5.3.3. En l'occurrence, le recourant n'a bénéficié que d'une autorisation de séjour pour études de 2013 à 2017. Pareille autorisation est insuffisante pour être prise en compte comme séjour légal en raison de son caractère temporaire d'emblée connu. Il a ensuite séjourné en Suisse au bénéfice d'une simple tolérance attachée à la procédure de renouvellement de son autorisation de séjour et aux effet suspensifs liés à cette procédure. Cette tolérance est également insuffisante pour être prise en considération comme séjour légal. A cela s'ajoute qu'il ne peut se targuer d'une intégration hors du commun dans la société suisse. Il ne peut donc pas se prévaloir de manière défendable du droit au respect de la vie privée garanti par l'art. 8 CEDH.
5.4. Aucune autre disposition de nature à conférer un droit de séjour à l'intéressé n'est invoquée ni ne s'impose au vu des faits constatés.
5.5. La voie du recours en matière de droit public est par conséquent fermée. Seule peut encore être envisagée la voie du recours constitutionnel subsidiaire (art. 113 LTF).
6.
6.1. Le recours constitutionnel subsidiaire (art. 113 ss LTF) peut être déposé pour violation des droits constitutionnels (art. 116 LTF). La qualité pour former un recours constitutionnel subsidiaire suppose un "intérêt juridique" à l'annulation ou à la modification de la décision attaquée (art. 115 let. b LTF; cf. ATF 133 I 185).
6.2. En l'occurrence, le recourant, qui ne peut pas se prévaloir d'un droit de séjour fondé sur les art. 30 al. 1 let. b LEI et 8 CEDH, n'a pas une position juridique protégée lui conférant la qualité pour agir au fond (ATF 147 I 89 consid. 1.2.2 et les références). Il ne peut par conséquent pas se plaindre de leur éventuelle violation par cette voie de droit.
6.3. Même s'il n'a pas qualité pour agir au fond, le recourant peut se plaindre par la voie du recours constitutionnel subsidiaire de la violation de ses droits de partie équivalant à un déni de justice formel, pour autant qu'il ne s'agisse pas de moyens ne pouvant être séparés du fond (cf.
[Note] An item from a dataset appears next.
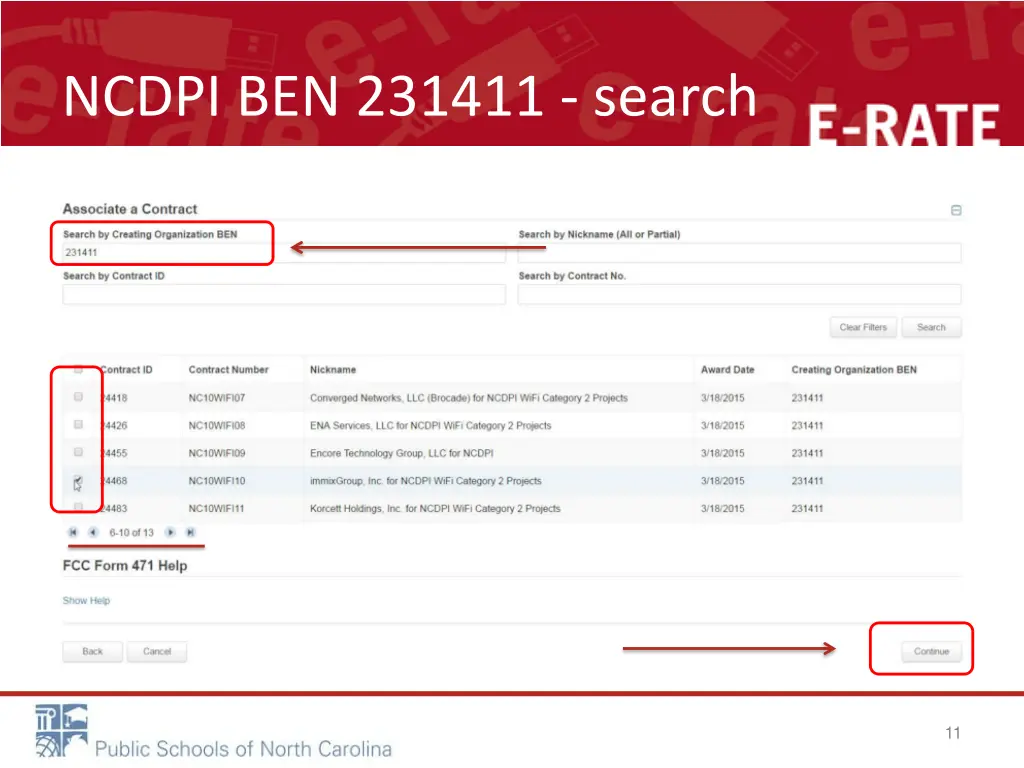 ncdpi ben 231411 search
ATF 146 IV 76 consid. 2; 137 II 305 consid. 2; 114 Ia 307 consid. 3c).
6.4. Le recourants dénonce un retard excessif dans le renouvellement de son permis de séjour.
6.4.1. Saisi d'un recours constitutionnel subsidiaire, le Tribunal fédéral n'examine les griefs de violation des droits constitutionnels que s'ils sont formulés conformément aux exigences accrues de motivation de l'art. 106 al. 2 LTF, applicable par renvoi de l'art. 117 LTF. La partie recourante doit à cet effet indiquer les principes constitutionnels qui n'auraient pas été respectés et expliquer de manière claire et précise en quoi ces principes auraient été violés (ATF 147 II 44 consid. 1.2; 146 I 62 consid. 3; 142 II 369 consid. 2.1; 141 I 36 consid. 1.3).
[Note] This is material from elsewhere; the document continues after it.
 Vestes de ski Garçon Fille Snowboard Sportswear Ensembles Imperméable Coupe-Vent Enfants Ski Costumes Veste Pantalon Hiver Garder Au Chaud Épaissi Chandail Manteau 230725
6.4.2. En l'occurrence, le recourant, qui n'expose pas, même de manière succincte, les principes juridiques fondant l'interdiction du retard injustifié, perd de vue qu'entre le 5 octobre 2017, date de sa requête de renouvellement de son autorisation de séjour pour études, et le 14 avril 2023, date à laquelle l'autorité intimée a refusé de délivrer une autorisation de séjour pour cas de rigueur, de nombreux courriers ont été échangés de part et d'autre, et qu'il a modifié la nature de sa demande, sollicitant nouvellement de pouvoir travailler en Suisse. En outre, le recourant n'explique nullement qu'il se soit plaint de la durée excessive de cette procédure lorsqu'elle était en cours. Dans ces circonstances, la simple affirmation de l'existence d'un "retard flagrant" ne répond pas aux conditions de l'art. 106 al. 2 LTF (applicable par renvoi de l'art. 117 LTF) qui exigent que le recourant expose de manière claire et précise en quoi un droit constitutionnel aurait été violé. Insuffisamment motivé, le grief ne peut par conséquent pas être examiné.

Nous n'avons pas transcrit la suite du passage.